• [Task prompt]:
Find the line in the entries below that contains "URB_N Men Oversized". Repeat it exactly, and every line after it through the line that contains "CIABATTA BIRKENSTOCK DONNA".

Task inputs below:

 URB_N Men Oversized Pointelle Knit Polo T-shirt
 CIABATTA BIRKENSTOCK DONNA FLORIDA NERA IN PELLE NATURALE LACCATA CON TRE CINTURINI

End of Task inputs.
Task inputs below:

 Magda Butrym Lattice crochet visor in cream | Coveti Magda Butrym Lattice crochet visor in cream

End of Task inputs.

• [Exercise output]:
 URB_N Men Oversized Pointelle Knit Polo T-shirt
 CIABATTA BIRKENSTOCK DONNA FLORIDA NERA IN PELLE NATURALE LACCATA CON TRE CINTURINI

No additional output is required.